RUN pip install -r requirements.txt
sqlalchemy==1.4.48
cx_Oracle==8.3.0
And rebuild the docker airflow image by uncommenting the build argument (build: .
) of the docker service.
Step 2: Install Oracle Instant Client inside the airflow container. Thus following the steps of the official documentation_1, documentation_2 I managed to overcome the following error
DPI-1047: Cannot locate a 64-bit Oracle Client library
However, the whole solution fails to complete due to the following log:
full error log here
The error basically says that the table log
, which I assume is an airflow metadata
table is not found found. Because is never created.
The odd thing is that when I execute the whole docker-compose file with a PostgreSQL
database as metadata backend and checking the results in PGAdmin, I can clearly see the initialized tables like log
and others.
Thus, my question is how can I overcome the current issue I am facing in the error logs? Even though Airflow has a valid SQLAlchemy Connection string and the necessary dependency libraries installed, it cannot initiate properly its metadata tables in the oracle db.

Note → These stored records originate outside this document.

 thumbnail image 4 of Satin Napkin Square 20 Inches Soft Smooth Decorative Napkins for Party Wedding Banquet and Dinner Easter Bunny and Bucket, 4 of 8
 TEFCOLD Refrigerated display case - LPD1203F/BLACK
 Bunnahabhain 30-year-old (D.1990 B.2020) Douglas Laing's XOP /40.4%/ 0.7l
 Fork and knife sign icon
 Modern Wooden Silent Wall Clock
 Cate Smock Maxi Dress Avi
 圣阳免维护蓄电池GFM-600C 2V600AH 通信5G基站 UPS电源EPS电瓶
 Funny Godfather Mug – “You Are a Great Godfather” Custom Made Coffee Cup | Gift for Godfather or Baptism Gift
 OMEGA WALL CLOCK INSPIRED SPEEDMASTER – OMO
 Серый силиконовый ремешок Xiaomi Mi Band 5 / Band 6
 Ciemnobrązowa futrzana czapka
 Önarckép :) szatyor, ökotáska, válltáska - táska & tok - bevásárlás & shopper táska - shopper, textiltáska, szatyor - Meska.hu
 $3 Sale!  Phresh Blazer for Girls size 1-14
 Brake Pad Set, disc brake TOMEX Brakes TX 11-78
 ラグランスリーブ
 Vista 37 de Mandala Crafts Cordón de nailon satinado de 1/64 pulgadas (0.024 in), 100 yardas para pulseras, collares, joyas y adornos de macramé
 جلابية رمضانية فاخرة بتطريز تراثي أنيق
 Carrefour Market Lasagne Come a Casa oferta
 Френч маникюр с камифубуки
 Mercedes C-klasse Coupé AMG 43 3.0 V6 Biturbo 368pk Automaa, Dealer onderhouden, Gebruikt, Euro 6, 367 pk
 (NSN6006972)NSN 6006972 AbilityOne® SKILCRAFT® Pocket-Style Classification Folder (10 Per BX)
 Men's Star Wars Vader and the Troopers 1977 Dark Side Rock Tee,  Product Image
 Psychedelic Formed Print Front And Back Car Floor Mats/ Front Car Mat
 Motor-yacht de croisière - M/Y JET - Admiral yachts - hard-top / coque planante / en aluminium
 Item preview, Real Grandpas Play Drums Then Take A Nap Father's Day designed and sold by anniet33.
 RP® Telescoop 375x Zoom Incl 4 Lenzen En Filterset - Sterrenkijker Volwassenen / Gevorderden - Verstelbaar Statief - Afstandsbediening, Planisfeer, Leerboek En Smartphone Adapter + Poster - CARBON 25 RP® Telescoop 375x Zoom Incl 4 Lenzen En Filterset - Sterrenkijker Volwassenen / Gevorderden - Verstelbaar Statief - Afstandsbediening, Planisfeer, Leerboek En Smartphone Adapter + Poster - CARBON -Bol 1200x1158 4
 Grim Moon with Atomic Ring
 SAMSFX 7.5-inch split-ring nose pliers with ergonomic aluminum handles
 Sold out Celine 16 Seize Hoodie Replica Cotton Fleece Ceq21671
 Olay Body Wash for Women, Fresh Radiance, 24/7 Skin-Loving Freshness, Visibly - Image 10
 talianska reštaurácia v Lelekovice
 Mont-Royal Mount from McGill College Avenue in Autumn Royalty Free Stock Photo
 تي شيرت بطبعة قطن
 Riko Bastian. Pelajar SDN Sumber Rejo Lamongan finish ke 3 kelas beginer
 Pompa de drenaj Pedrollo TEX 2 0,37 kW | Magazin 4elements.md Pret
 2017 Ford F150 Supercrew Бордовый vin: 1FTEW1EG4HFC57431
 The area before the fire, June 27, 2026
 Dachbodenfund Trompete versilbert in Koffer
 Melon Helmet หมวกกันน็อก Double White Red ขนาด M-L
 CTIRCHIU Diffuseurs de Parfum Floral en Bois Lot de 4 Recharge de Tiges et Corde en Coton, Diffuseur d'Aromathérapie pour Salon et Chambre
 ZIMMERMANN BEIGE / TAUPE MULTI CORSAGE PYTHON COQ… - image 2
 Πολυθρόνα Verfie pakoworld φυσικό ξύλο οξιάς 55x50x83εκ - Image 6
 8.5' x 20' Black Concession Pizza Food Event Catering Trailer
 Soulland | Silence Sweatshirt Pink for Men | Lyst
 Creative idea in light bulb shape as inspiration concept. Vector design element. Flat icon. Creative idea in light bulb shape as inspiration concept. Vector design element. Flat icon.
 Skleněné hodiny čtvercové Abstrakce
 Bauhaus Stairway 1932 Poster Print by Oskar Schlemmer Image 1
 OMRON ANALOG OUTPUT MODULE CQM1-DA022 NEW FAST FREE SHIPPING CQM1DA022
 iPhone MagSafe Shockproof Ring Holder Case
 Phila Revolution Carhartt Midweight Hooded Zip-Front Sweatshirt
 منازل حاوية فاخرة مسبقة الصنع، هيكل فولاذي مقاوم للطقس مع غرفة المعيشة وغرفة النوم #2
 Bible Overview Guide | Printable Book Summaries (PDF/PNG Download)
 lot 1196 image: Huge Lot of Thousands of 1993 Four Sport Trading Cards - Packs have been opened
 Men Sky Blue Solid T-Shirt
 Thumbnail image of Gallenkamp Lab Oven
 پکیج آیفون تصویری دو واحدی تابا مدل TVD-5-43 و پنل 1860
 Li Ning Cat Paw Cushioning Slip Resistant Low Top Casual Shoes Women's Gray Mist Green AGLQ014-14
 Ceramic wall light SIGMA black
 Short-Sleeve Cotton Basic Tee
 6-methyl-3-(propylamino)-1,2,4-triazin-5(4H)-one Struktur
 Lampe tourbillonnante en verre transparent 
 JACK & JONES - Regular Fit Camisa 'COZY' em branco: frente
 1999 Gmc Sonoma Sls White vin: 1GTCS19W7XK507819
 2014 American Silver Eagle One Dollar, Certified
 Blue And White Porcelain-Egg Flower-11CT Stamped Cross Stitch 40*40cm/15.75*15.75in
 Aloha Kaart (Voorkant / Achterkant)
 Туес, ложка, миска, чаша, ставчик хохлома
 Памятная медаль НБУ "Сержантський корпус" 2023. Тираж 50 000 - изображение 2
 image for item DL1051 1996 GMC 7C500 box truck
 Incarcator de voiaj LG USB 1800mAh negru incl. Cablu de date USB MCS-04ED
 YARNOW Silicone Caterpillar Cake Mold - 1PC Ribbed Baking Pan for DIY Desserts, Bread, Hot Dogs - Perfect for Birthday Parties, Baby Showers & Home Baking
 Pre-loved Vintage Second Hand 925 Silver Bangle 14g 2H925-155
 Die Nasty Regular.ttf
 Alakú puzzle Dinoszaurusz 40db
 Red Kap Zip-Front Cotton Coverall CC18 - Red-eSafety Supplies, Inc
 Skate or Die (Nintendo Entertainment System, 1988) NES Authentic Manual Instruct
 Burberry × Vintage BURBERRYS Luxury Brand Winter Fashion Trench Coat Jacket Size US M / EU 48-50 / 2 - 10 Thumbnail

I have found the solution to this problem. Based on the full stack trace the problem was under the db.py
file, located at /home/airflow/.local/lib/python3.8/site-packages/airflow/utils/
In this file the function check()
was called before starting to build the metadata tables. The check
function actually checks whether the database is alive. The following command was executed when the function was called.
session.execute("SELECT 1 AS IS_ALIVE")
The SQL statement does not follow the Oracle SQL systax. Thus, I changed the command to
session.execute("SELECT 1 AS IS_ALIVE FROM DUAL;")
That was the solution to the problem I posted.